On Aug 24, 2010, at 10:49 AM, Gianluca Varenni wrote:

> The main problem would be linux, where the only behavior is not flushing the 
> buffers. So either you have a broken API like pcap_setfilter that is 
> supposed to flush the buffer (but it doesn't) or you break the linux 
> applications by adding the pcap_setfilter_noflush and have pcap_setfilter 
> fail on linux. Something broken in both cases...

Eh?

        On those BPF-based systems with the BIOCSETFNR ioctl, pcap_setfilter() 
flushes the buffer and pcap_setfilter_noflush() doesn't.
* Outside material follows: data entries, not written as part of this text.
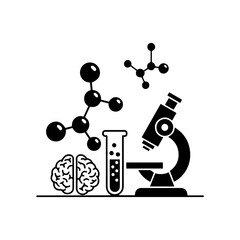 Microscope test tube molecule and brain graphic symbols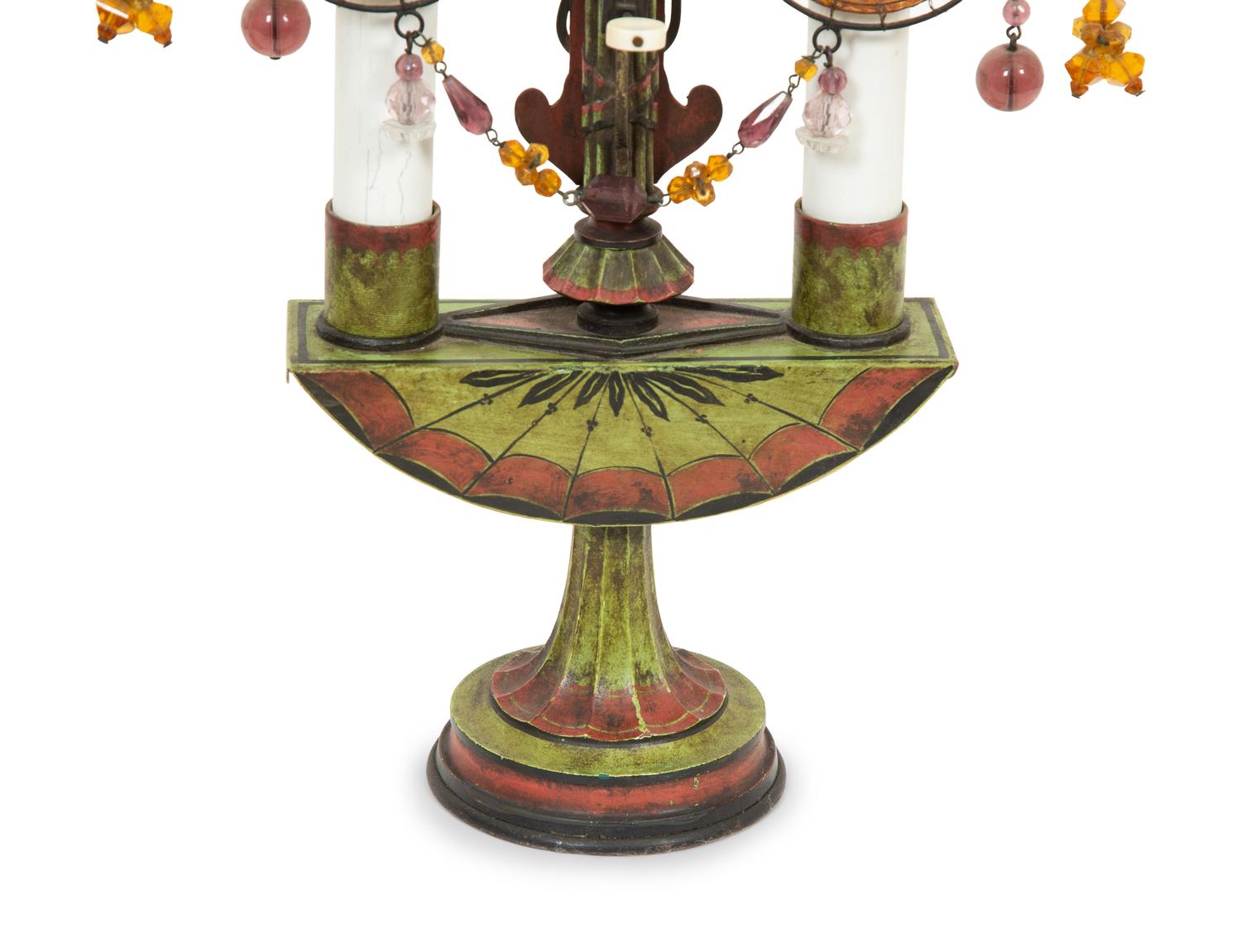 A Pair of Tole Peinte Two-Light Candelabra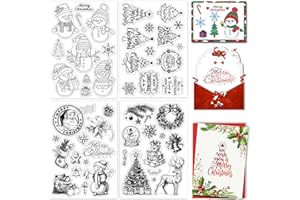 CRASPIRE Timbri Trasparenti Natale Timbro in Silicone Sigillo Albero Agrifoglio Timbri in Silicone Trasparenti per X'Mas Eve Anno Nuovo Creazione di Biglietti Decorazione Fai da Te Scrapbooking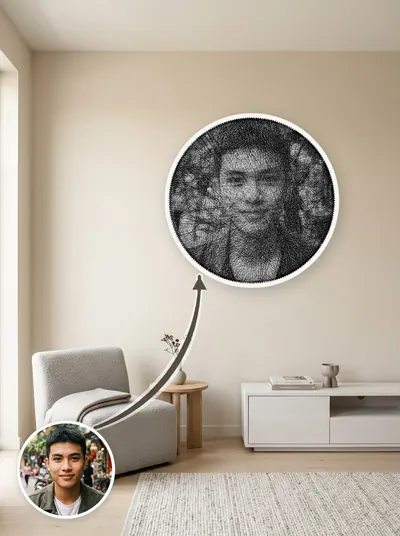 Tranh chỉ chân dung khung tròn 50cm, đặt cạnh ảnh gốc để so sánh — mẫu 60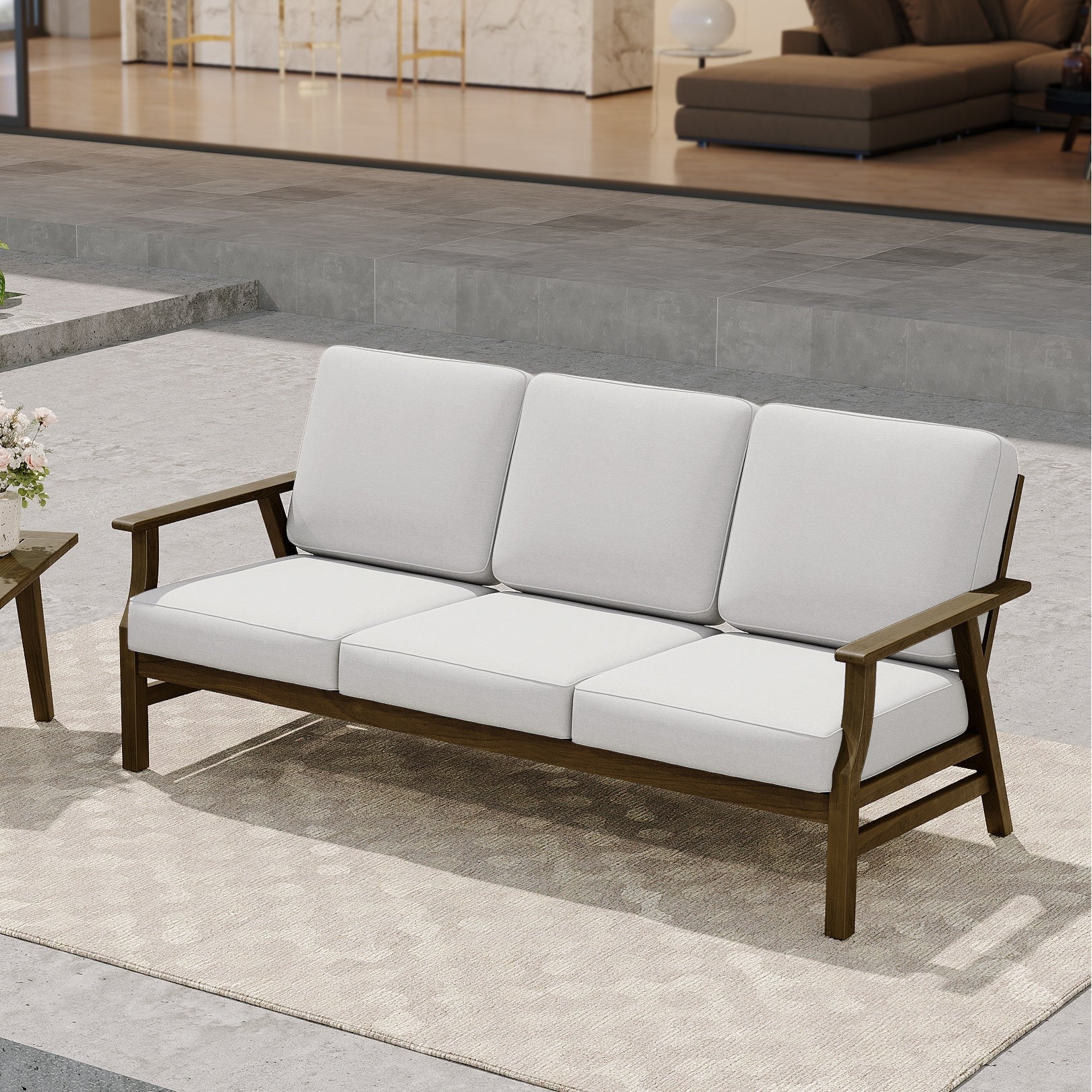 Modern Wood Cushioned 5 Piece Outdoor Patio Conversation Set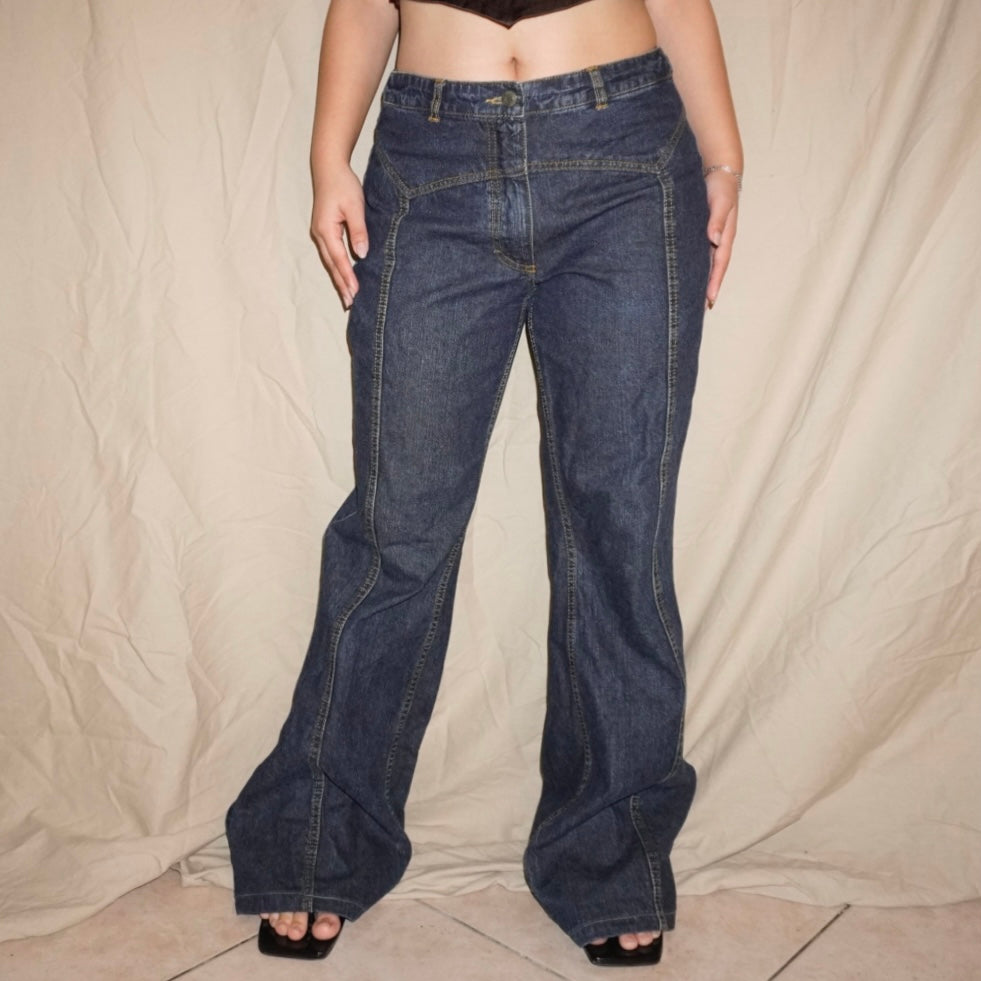 Lined flared jeans (W34)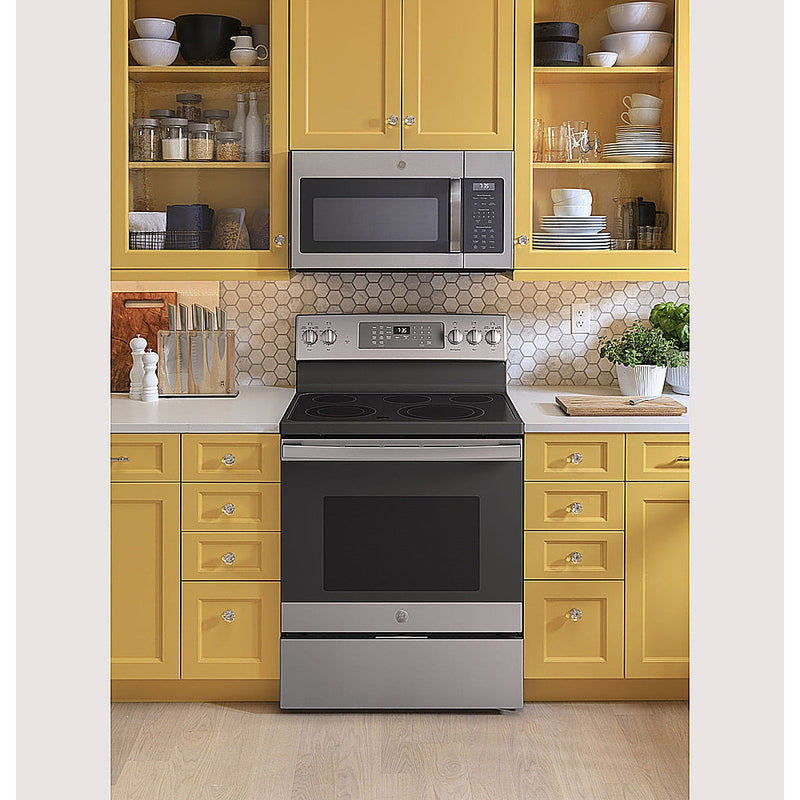 GE 30" Freestanding Electric Convection Range with Air Fry in Stainless Steel-Washburn's Home Furnishings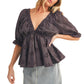 Dark gray Eyelet Peplum Top with Puff Sleeves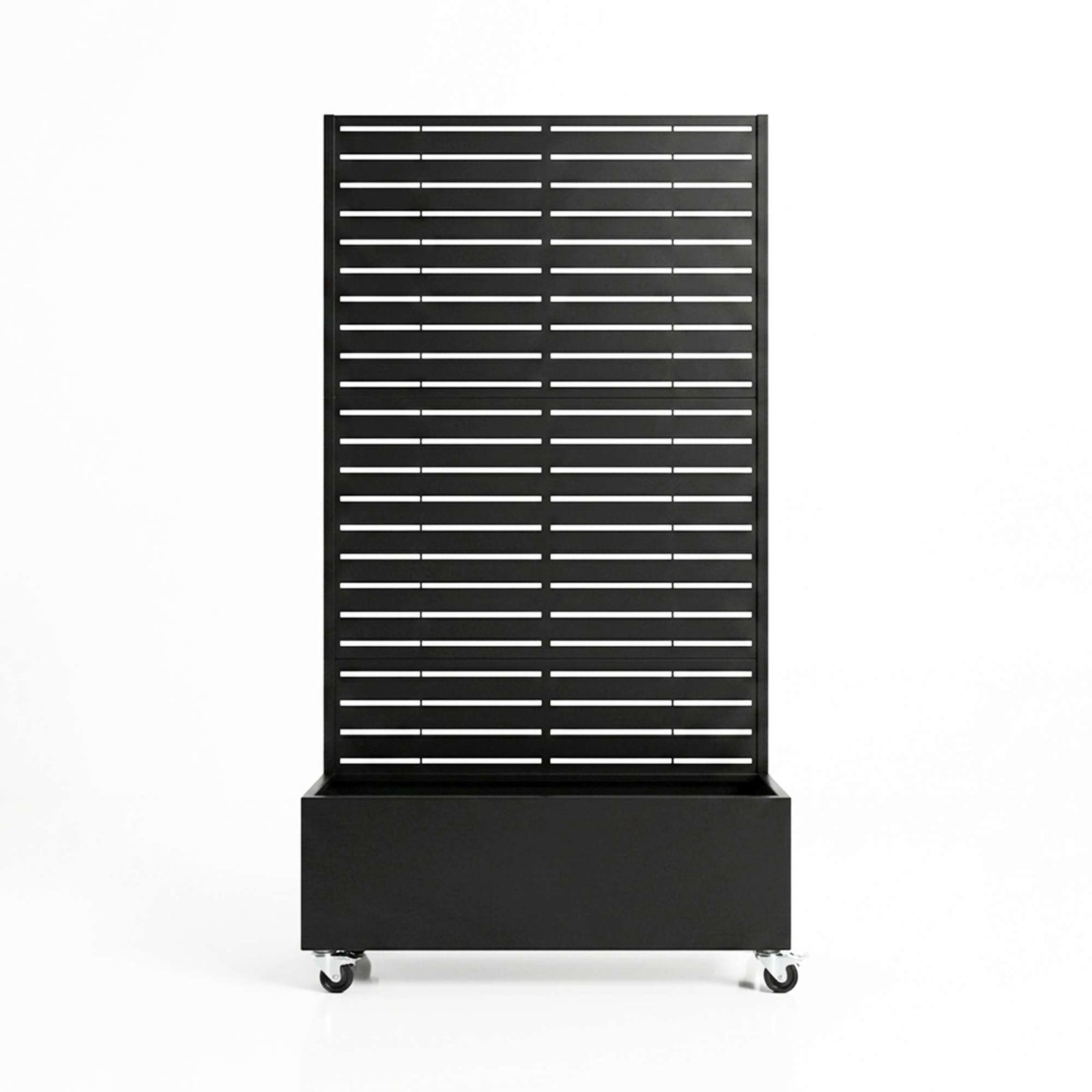 Metal Privacy Screen With Plant Pot - Slat | Black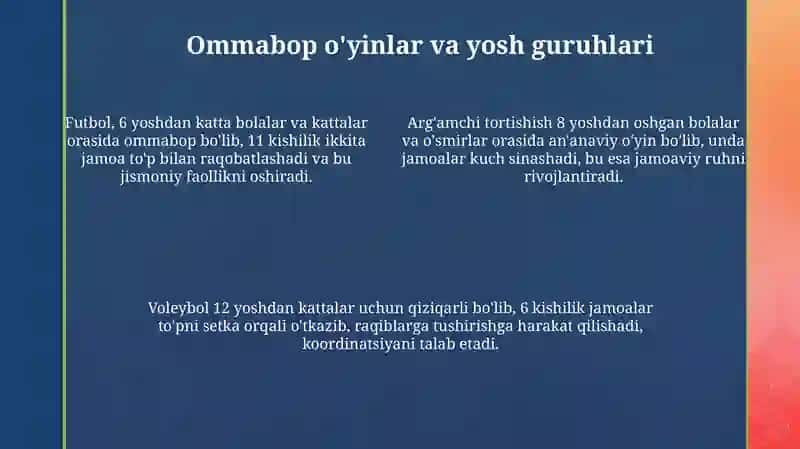 Harakatli o‘yinlarni turkumlari 4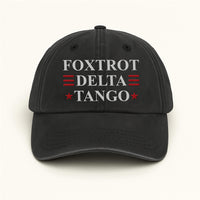Foxtrot Delta Tango Embroidered Hat, Gift For Anti MAGA, Anti-Trump Hat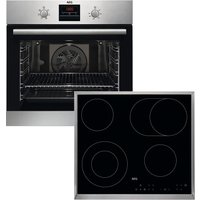 AEG Backofen-Set "BES33101ZM", mit Teleskopauszug nachrüstbar, Wasserdampfreinigung des Backofens, Grill, Keramikkochfeld mit Touch von AEG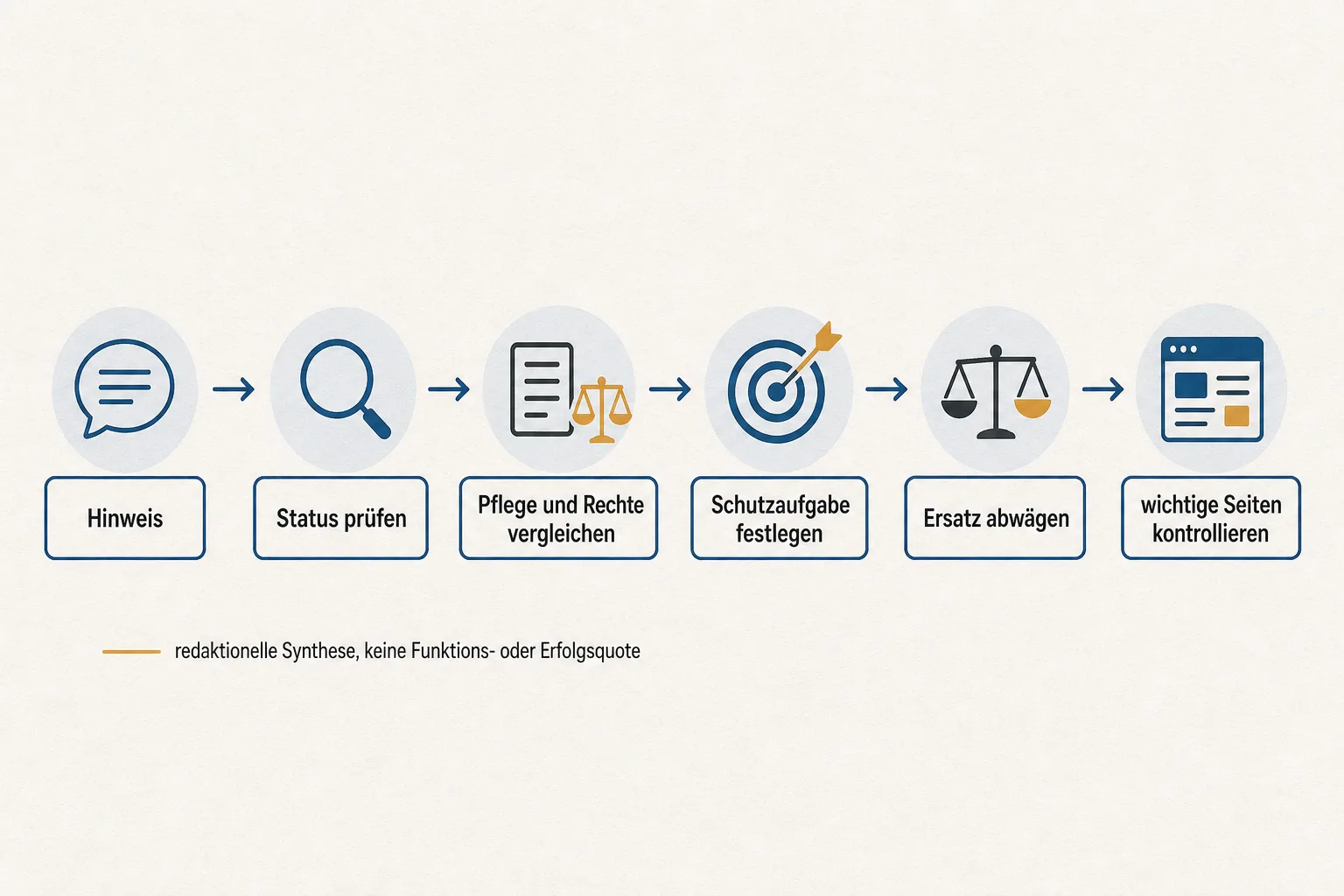 Eine deutsche Ablaufgrafik führt von einem Hinweis über Status, Pflege, Rechte und Schutzaufgabe bis zur Kontrolle wichtiger Seiten.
        On those BPF-based systems without the BIOCSETFNR ioctl, 
pcap_setfilter() flushes the buffer and pcap_setfilter_noflush() returns an 
error.

        On Linux, pcap_setfilter() flushes the buffer because it makes an 
effort to do so (see set_kernel_filter() in pcap-linux.c) and 
pcap_setfilter_noflush() doesn't (because it doesn't go through all the effort 
to do so that pcap_setfilter() does).

        On Windows, if WinPcap added a call to change the filter without 
flushing, pcap_setfilter() flushes the buffer and pcap_setfilter_noflush() 
doesn't.

        On systems without kernel-based filtering, neither of them flush the 
buffer, as the next packet read after the filter is changed is run through the 
new filter.

        On other systems with kernel-based filtering and without a "change 
filter without flushing the buffer" call, pcap_setfilter() flushes the buffer 
and pcap_setfilter_noflush() returns an error.